**Records supplied**
________

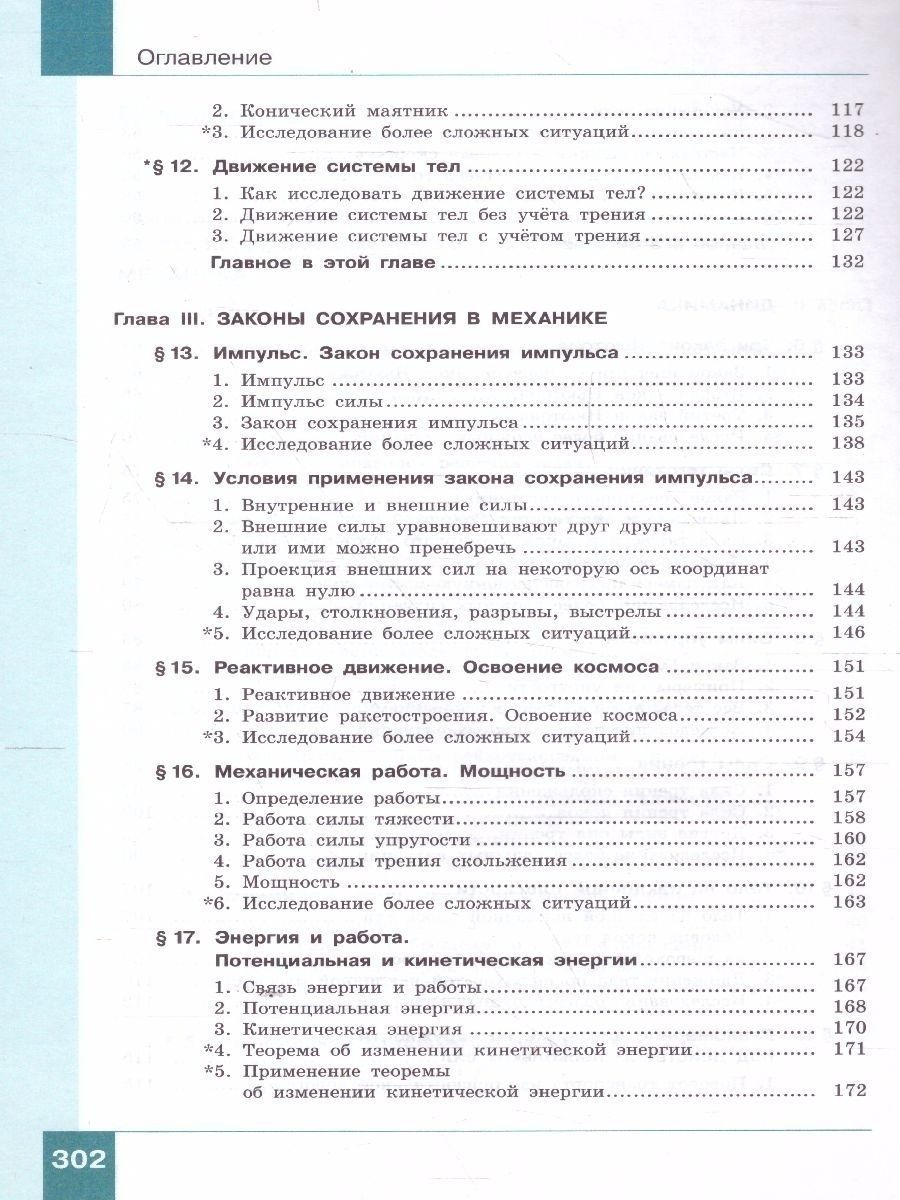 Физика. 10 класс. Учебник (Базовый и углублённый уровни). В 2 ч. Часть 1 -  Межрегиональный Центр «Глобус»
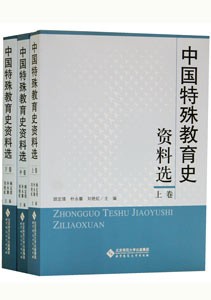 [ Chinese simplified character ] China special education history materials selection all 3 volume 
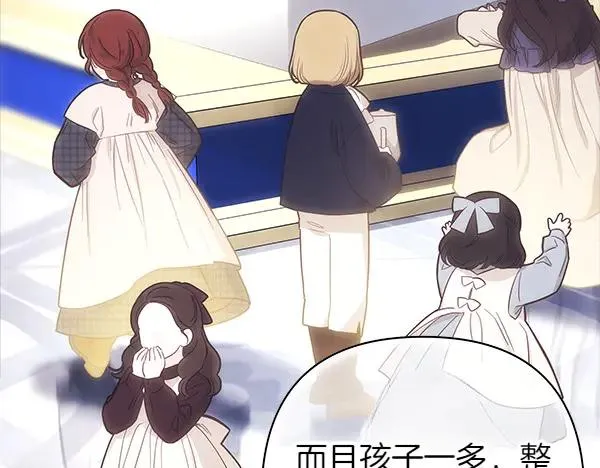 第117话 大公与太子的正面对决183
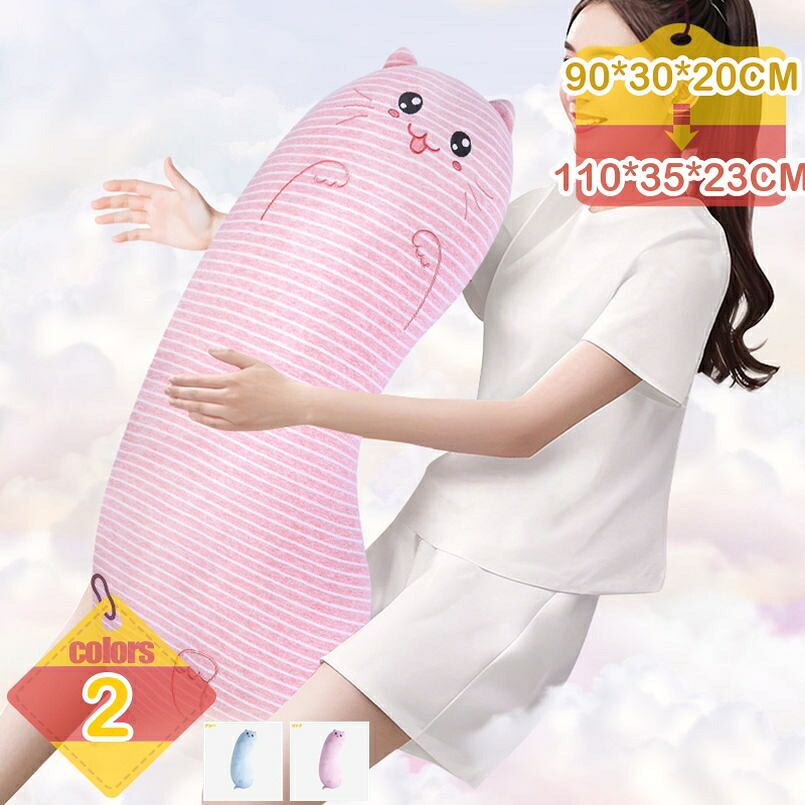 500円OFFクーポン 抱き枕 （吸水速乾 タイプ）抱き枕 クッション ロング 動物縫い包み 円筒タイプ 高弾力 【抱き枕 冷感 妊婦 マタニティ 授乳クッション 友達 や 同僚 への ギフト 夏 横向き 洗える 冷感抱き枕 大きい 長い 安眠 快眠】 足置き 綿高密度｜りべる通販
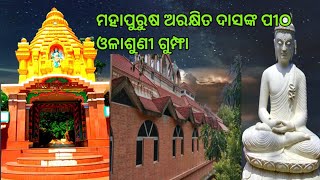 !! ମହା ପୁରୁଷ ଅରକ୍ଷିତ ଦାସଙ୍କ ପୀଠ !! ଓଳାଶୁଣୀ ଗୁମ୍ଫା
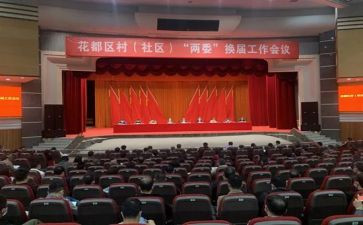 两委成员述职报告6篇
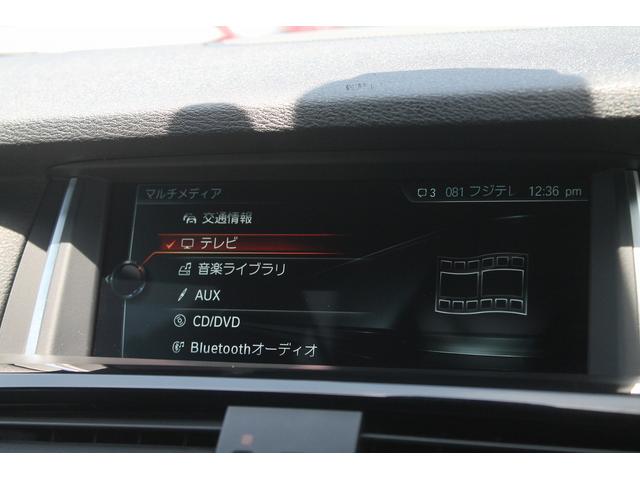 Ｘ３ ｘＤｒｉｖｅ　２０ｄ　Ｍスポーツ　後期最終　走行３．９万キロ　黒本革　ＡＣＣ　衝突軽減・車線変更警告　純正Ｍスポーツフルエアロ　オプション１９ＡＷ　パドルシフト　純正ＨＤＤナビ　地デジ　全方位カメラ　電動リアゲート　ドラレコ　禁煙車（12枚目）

________

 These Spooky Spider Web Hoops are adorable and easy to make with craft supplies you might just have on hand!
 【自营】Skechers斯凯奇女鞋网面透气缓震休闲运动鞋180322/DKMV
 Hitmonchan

________

**Problem requirements**
Look above for the line with "Физика. 10 класс." and the line with "第117话 大公与太子的正面对决183", then copy exactly the lines from the first through the second, both kept, with no pictures.

**Finished exercise**
 Физика. 10 класс. Учебник (Базовый и углублённый уровни). В 2 ч. Часть 1 -  Межрегиональный Центр «Глобус»
 [ Chinese simplified character ] China special education history materials selection all 3 volume 
 第117话 大公与太子的正面对决183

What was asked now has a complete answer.